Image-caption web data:
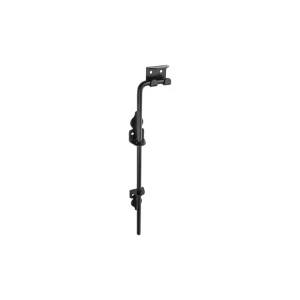 Zlevněný WOT 450 Závora brány C 450x41x2,5 černá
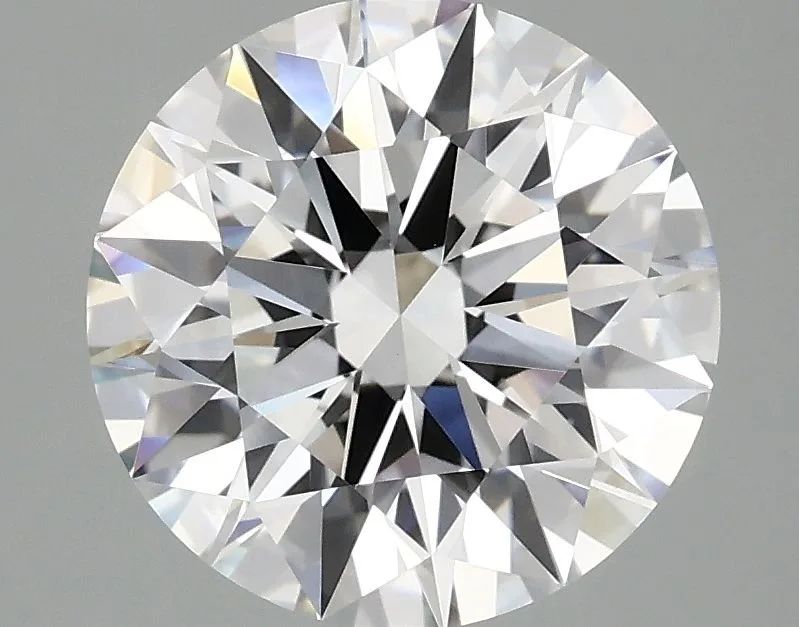 3.1 Carat Round E VVS2 Lab Diamond 1 3.1 Carat Round E VVS2 Lab Diamond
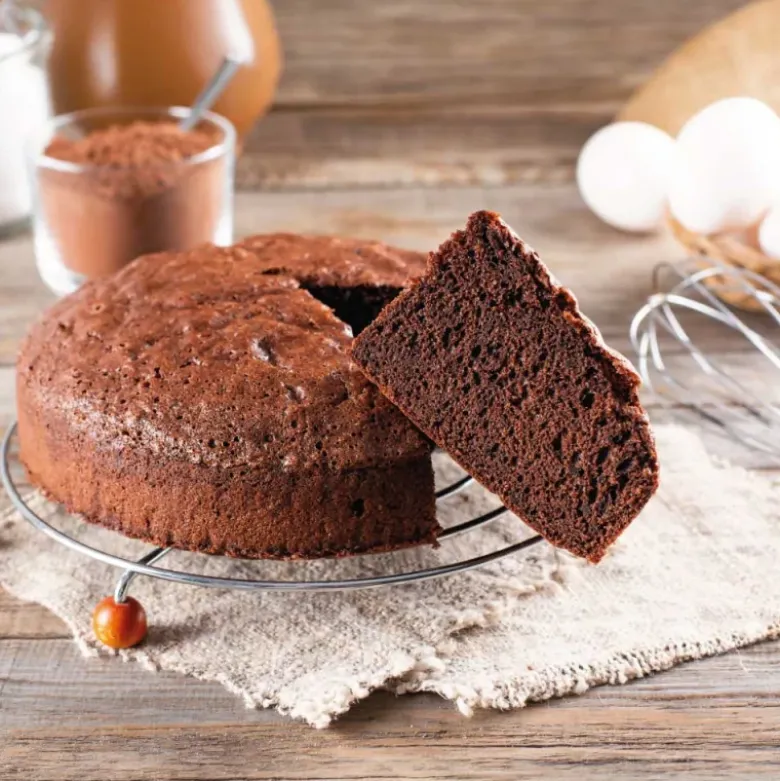 Moule à gâteau en acier antiadhérent sans PFAS Ø23cm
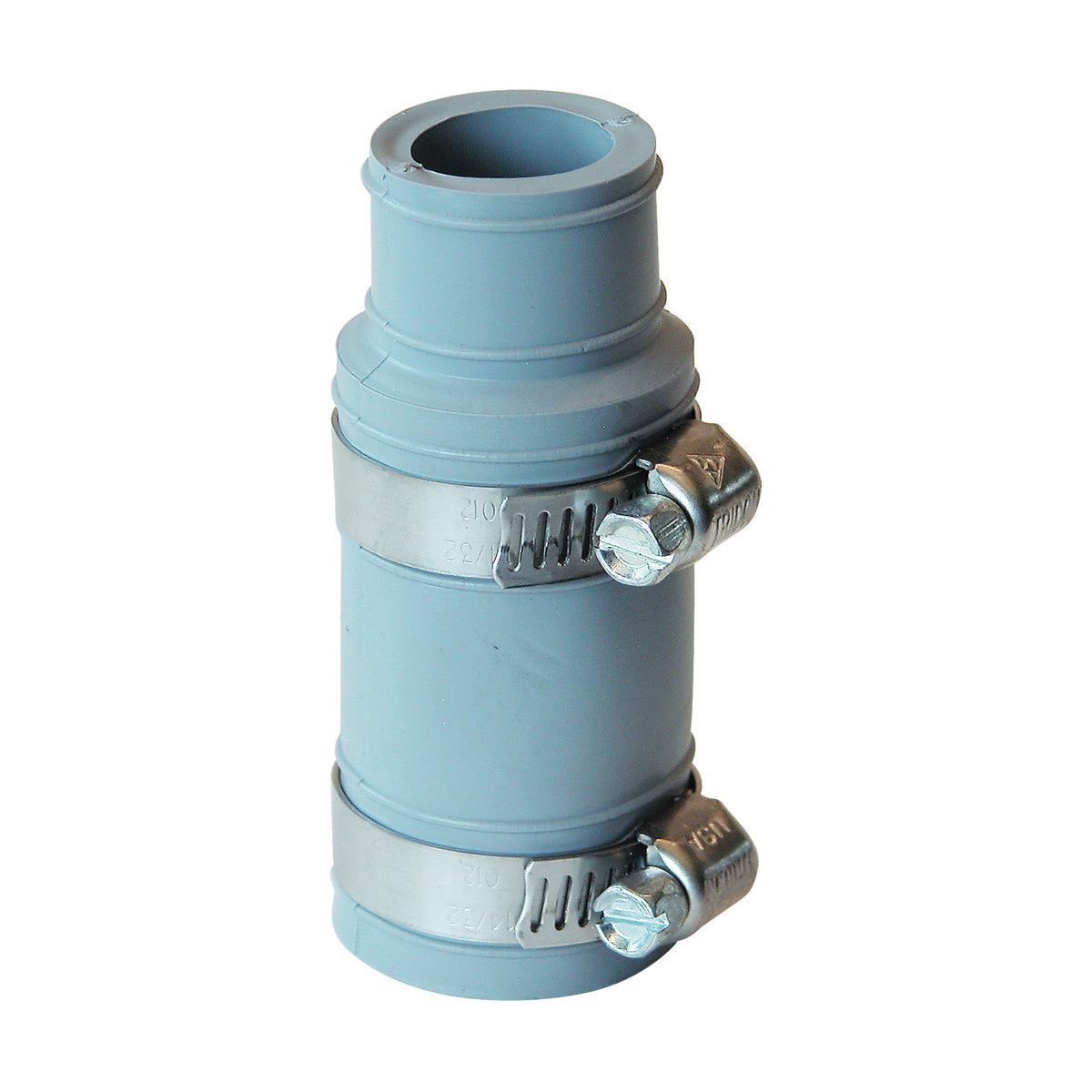 FERNCO PDWC-100 Dishwasher Drain Connector, 1/2 x 3/4 in, PVC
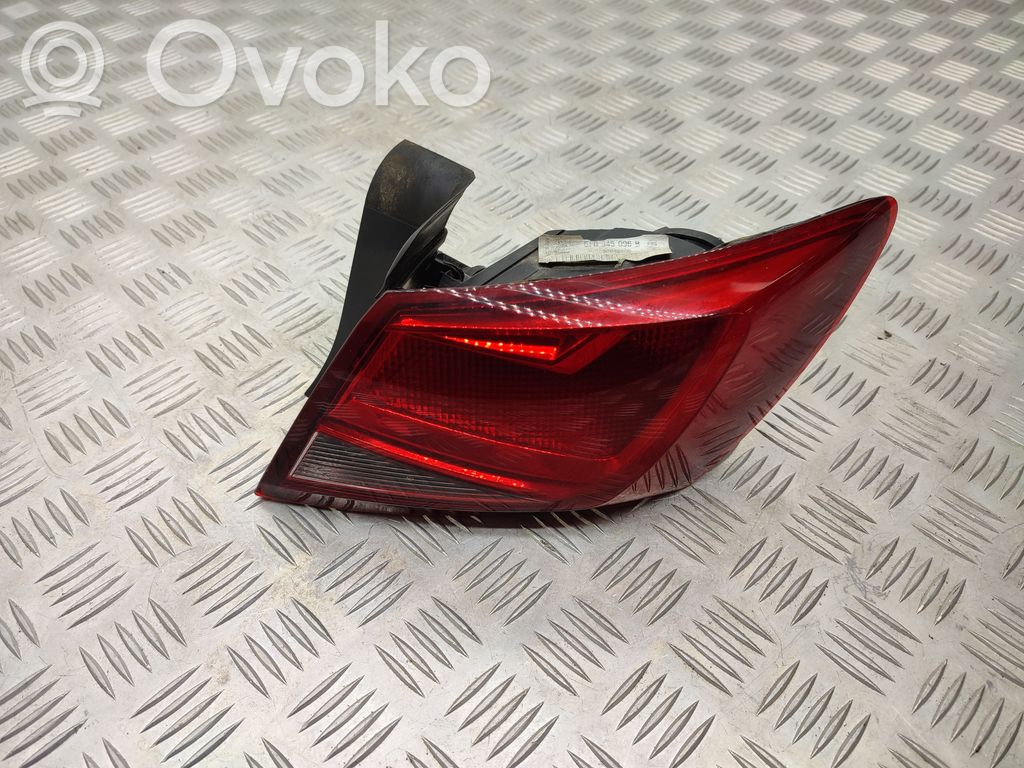 Seat Leon (5F) Takavalot 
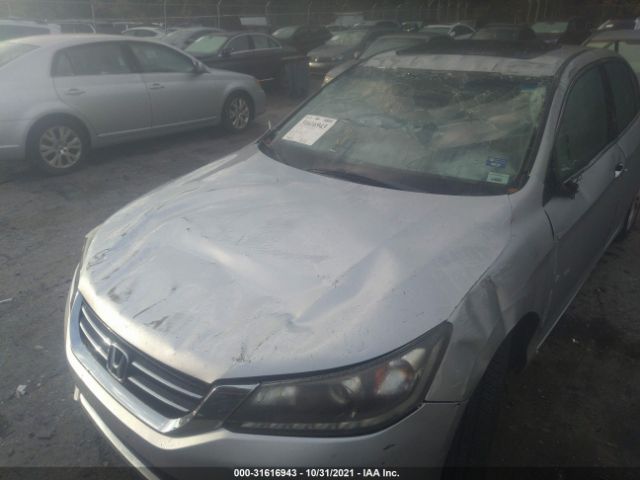 Photo 5 VIN: 1HGCR3F81DA046035 - HONDA ACCORD SDN 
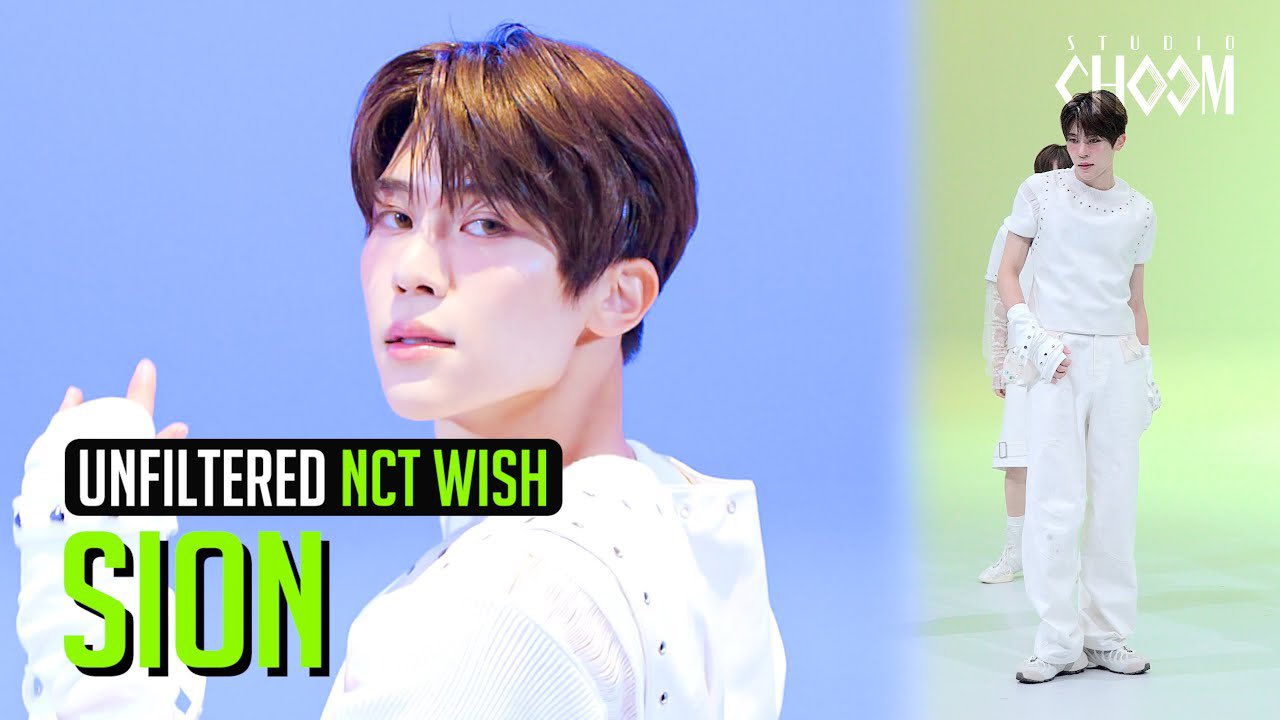 NCT WISH シオン NCT_OFFICIAL_JP on X: 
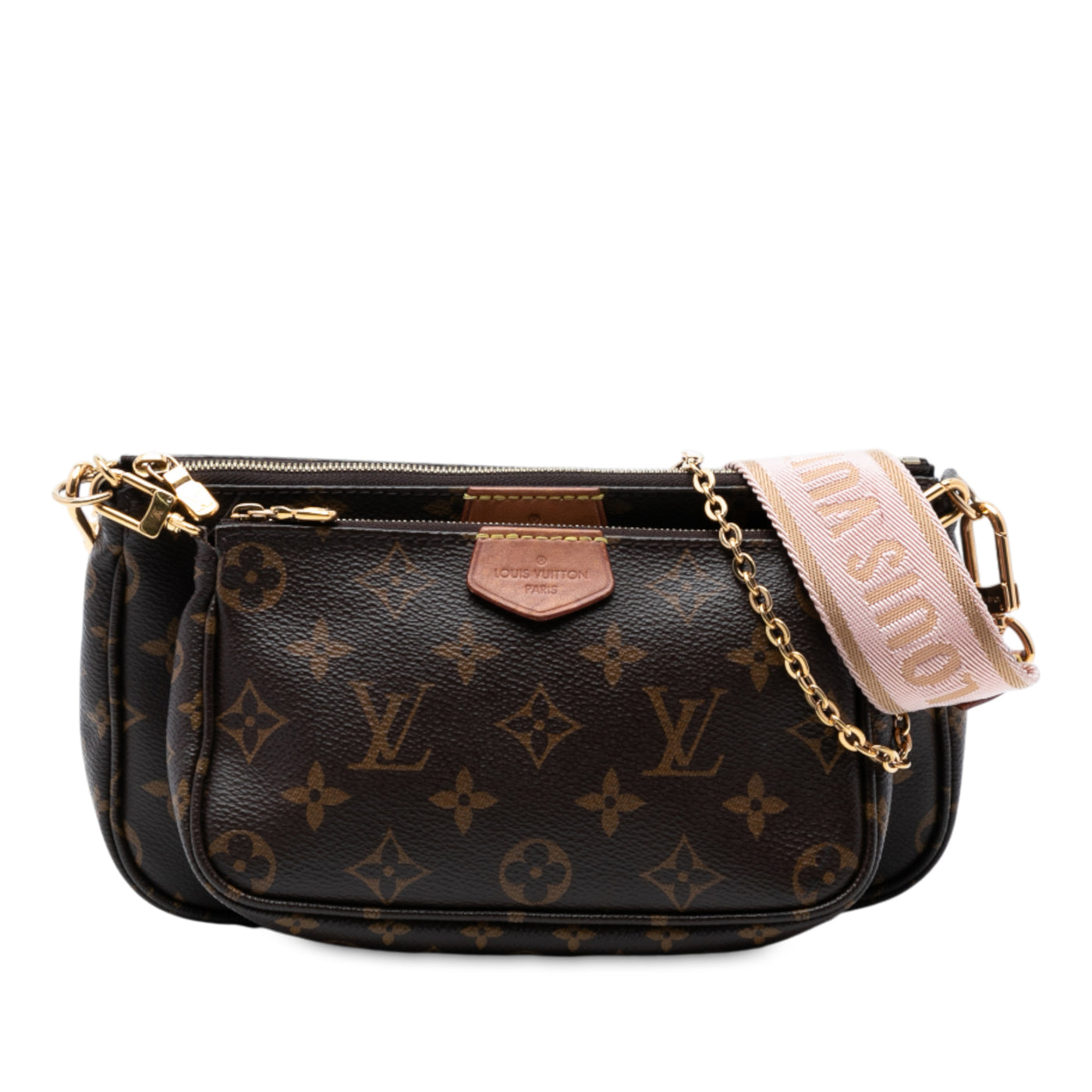 Monogram Multi Pochette Accessoires - Image 1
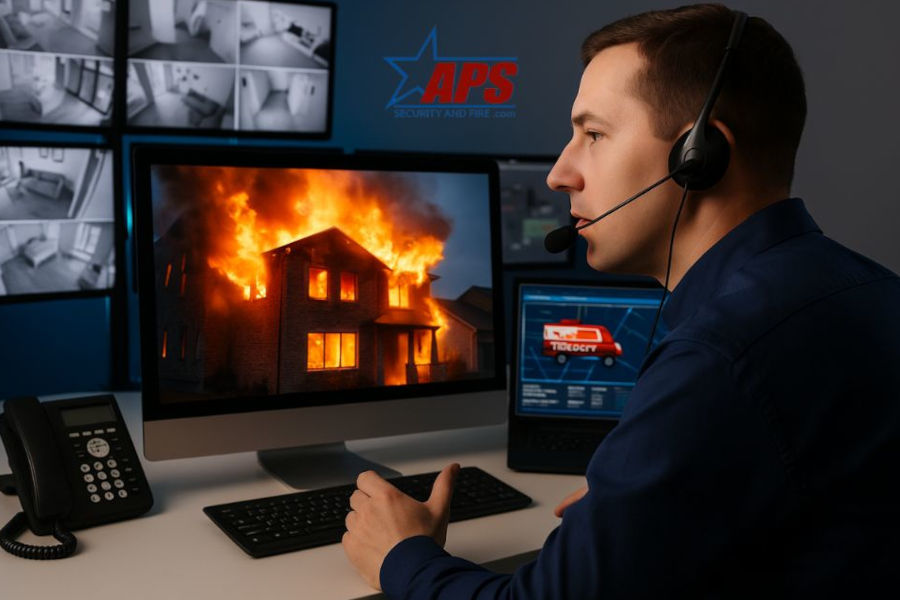 Central Florida Alarm Monitoring: Protecting Homes and Businesses 24/7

What is being asked -> Every line from the one holding "FERNCO PDWC-100 Dishwasher" through the end of the records above must be reproduced verbatim, pictures excepted.

Expected output ->
 FERNCO PDWC-100 Dishwasher Drain Connector, 1/2 x 3/4 in, PVC
 Seat Leon (5F) Takavalot 
 Photo 5 VIN: 1HGCR3F81DA046035 - HONDA ACCORD SDN 
 NCT WISH シオン NCT_OFFICIAL_JP on X: 
 Monogram Multi Pochette Accessoires - Image 1
 Central Florida Alarm Monitoring: Protecting Homes and Businesses 24/7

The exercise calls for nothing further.